¿Recordáis? 7.45 de la mañana, suena ese despertador tan odiado en otros
tiempos y tan querido en estos momentos en los que, para mí, no es tan necesario. A la ducha,
higiene personal y tras vestirme, bajo a mi cafetería habitual a mi diario
desayuno de café y tostada con aceite puro de oliva virgen extra (que para eso
lo da mi tierra) y mi tomate natural triturado, que también de ello podemos
decir que tenemos en abundancia en esta tierra.
Allí, como de costumbre, me siento a gusto, ni siquiera
pido mi desayuno, ya es conocido de sobra por P. o por L. (las dos chicas que
suelen servir las siete mesas con las que cuenta el local). Algunas, casi se
puede decir que están reservadas, pues tal es el hábito que tenemos todos los
presentes de sentarnos en las mismas, y en las que la charla con unos y otros, hace más ameno aún ese rato de relax,
que es el inicio de un nuevo día de ajetreo y prisas.
Casi las 9, el continuo pasar por las aceras de mochilas
con ruedas empujadas o tiradas por pequeños hombres y mujeres me recuerdan que
es un día hábil, y que están a punto de empezar las clases. Entran a hacer el relevo las
primeras madres que han dejado ya a sus hijos en la fila de su curso correspondiente. Llegan riendo y alterando un poco el estado de relax que se respiraba
hasta el momento en la cafetería. Es hora de pagar y salir a empezar el día de
compras y quehaceres rutinarios.
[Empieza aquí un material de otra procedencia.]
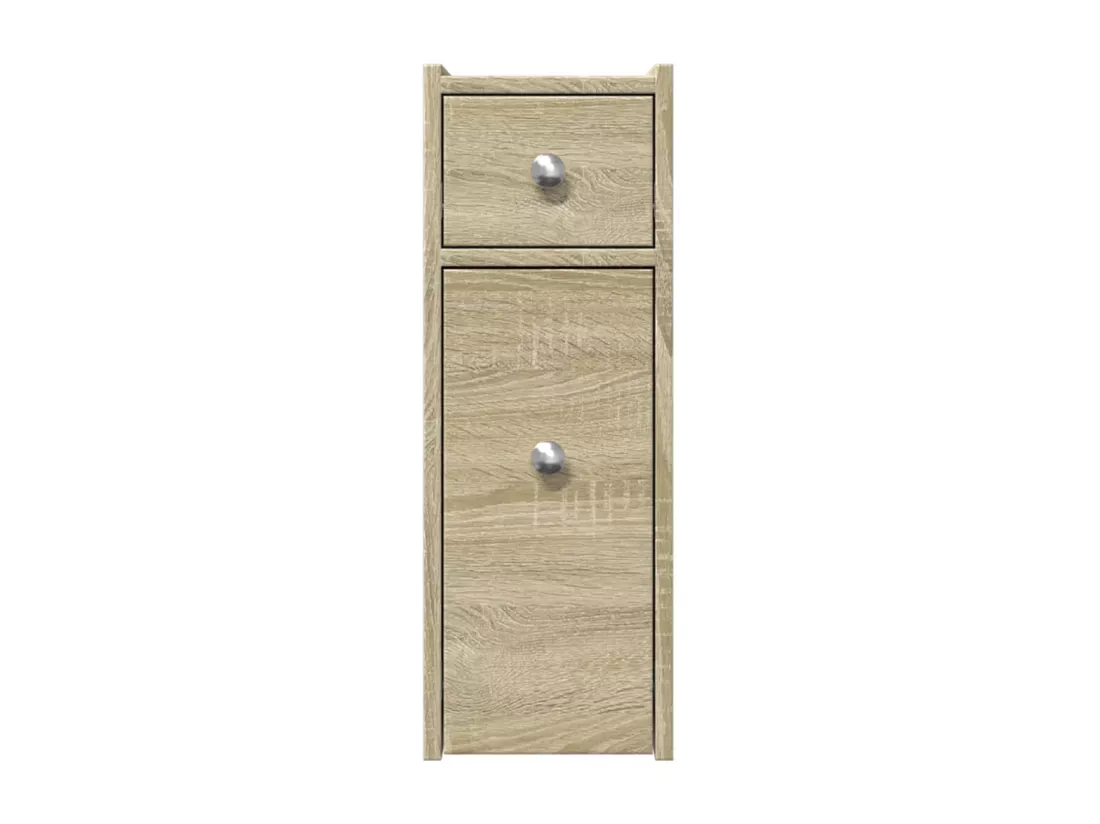 Armoire de salle de bain étroite avec roulettes chêne sonoma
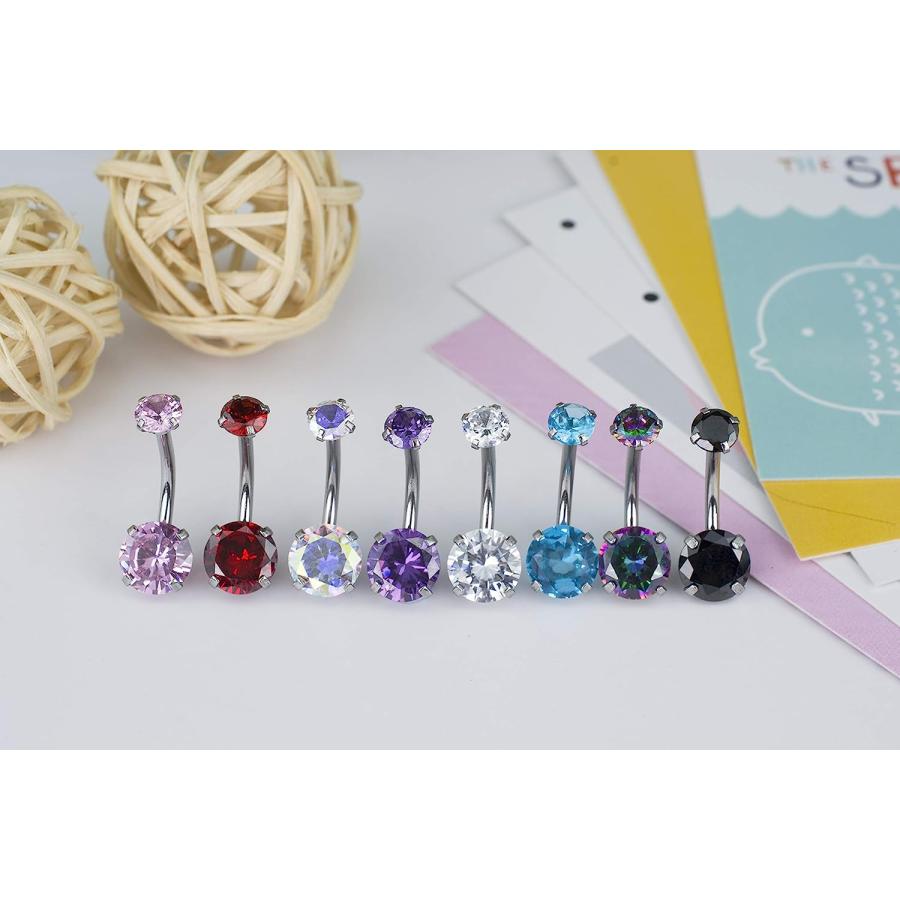 14G 316l Surgical Stainless Steel Belly Navel Button Rings with Dangling Sparkly AAA Cubic Zirconia  Screw Bar Design Body Piercing by HQLA (Pink)｜dep-dreamfactory｜04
Frutería, pescadería, (charla con dos vecinos)
panadería, carnicería, supermercado…(cruce y saludos con los conocidos ).
Ya en casa, colocar los productos adquiridos y limpieza
de hogar, lavadora, plancha si la hubiere…
Pasan rápidamente las horas y casi son ya las 13.15, y
eso indica que es hora de dejar lo que entre manos se tenga y bajar al bar, a
tomar alguna cerveza con los amigos y vecinos que están en él, por si mañana no pudiéramos... Pero esta parte la contaré otro día.